Un pendentif est un bijou que l'on porte suspendu à une chaîne de cou, tandis qu'un collier s'entend d'un bijou de cou, constitué de divers éléments ou encore d'une chaîne en métal. Un collier peut également être constitué d'une chaîne dans laquelle est incorporé un bijou ou un élément ornemental.

Par conséquent, il est incontestable que les colliers et les pendentifs sont des produits similaires.

A cet égard, aux termes de ses dernières conclusions, la société LOUIS VUITTON MALLETIER décrit le produit litigieux commercialisé par les sociétés défenderesses qui porterait atteinte à ses droits sur la marque no1241672 comme "un lot de trois colliers, détachables les uns des autres, pouvant être portés séparément, dont l'un comportait un pendentif reproduisant manifestement la marque V".

Aussi, la société LOUIS VUITTON soutient que sa marque est contrefaite en ce que l'un des colliers incorpore un pendentif qui est protégé par ses droits de marque.

Il s'ensuit que les sociétés HetM HENNES et MAURITZ GBC AB et HetM HENNES et MAURITZ justifient d'un intérêt évident à agir en nullité des effets de l'enregistrement international de la marque no1241672 désignant l'Union européenne pour les pendentifs désignés par la marque en classe 14, qui sont indirectement visés par la société LOUIS VUITTON MALLETIER, même si cette derrnière n'oppose formellement, aux termes de ses écritures postérieures à son assignation, que les colliers dans la même classe de produits.

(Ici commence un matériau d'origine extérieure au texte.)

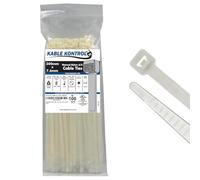 Kable Kontrol Natural White Cable Ties, 300 mm x 7.6 mm, Pack of 100, 12" Premium Nylon Zip Ties, Multi-Purpose Plastic Tie Wraps, Secure Self-Locking Mechanism, for Home, Garden, Office and DIY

Aussi, la fin de non-recevoir soulevée par la société LOUIS VUITTON MALLETIER sera rejetée.

Sur la nullité des effets de l'enregistrement international désignant l'Union européenne de la marque no1241672 pour les colliers et pendentifs en classe 14 :

Sur l'application de l'article 7, paragraphe 1, sous e) sous iii) du règlement (CE) 207/2009:

Les sociétés HetM HENNES et MAURITZ GBC AB et HetM HENNES et MAURITZ font valoir que les effets de l 'enregistrement international désignant l'Union européenne de la marque no1241672 sont nuls pour les colliers et pendentifs en classe 14, par application de l'article 7, paragraphe 1, point e) sous iii) du règlement (CE) 207/2009 avant modification par le règlement (UE) 2015/2424 du 16 décembre 2015.

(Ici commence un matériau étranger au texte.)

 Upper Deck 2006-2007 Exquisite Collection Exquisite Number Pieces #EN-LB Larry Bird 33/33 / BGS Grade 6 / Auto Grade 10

Elles font valoir, à cet égard, que le signe, objet de cet enregistrement, est constitué exclusivement par la forme d'un pendentif, partie significative d'un collier; que cette forme donne au pendentif, et au collier comprenant ce pendentif, une valeur substantielle, dès lors que la caractéristique essentielle de cette forme est d'évoquer l'initiale V, représentée par la marque de manière conventionnelle ; que, compte tenu de la demande du public pertinent pour un pendentif évoquant cette initiale ou pour un collier comprenant un tel pendentif, le choix des consommateurs d'acheter le pendentif ou le collier en cause est, dans une très large mesure, déterminé par ces caractéristiques ; que cette forme exerce en elle-même une influence si importante sur l'attractivité de ce pendentif ou du collier qui comprend ce pendentif, qu'en réserver le bénéfice à la seule société LOUIS VUITTON MALLETIER reviendrait à fausser les conditions de concurrence sur le marché, cette forme devant demeurer accessible à ses concurrents, afin qu'ils soient libres de proposer au plus grand nombre des produits (pendentifs, colliers, bracelets) présentant cette forme ou une forme similaire et que, permettre à cette société de conserver un monopole sur la représentation conventionnelle de l'une des 26 lettres de l'alphabet latin viendrait à entraver l'exercice de la libre concurrence sur un marché ancien, revenu en vogue antérieurement à l'enregistrement de la marque en cause.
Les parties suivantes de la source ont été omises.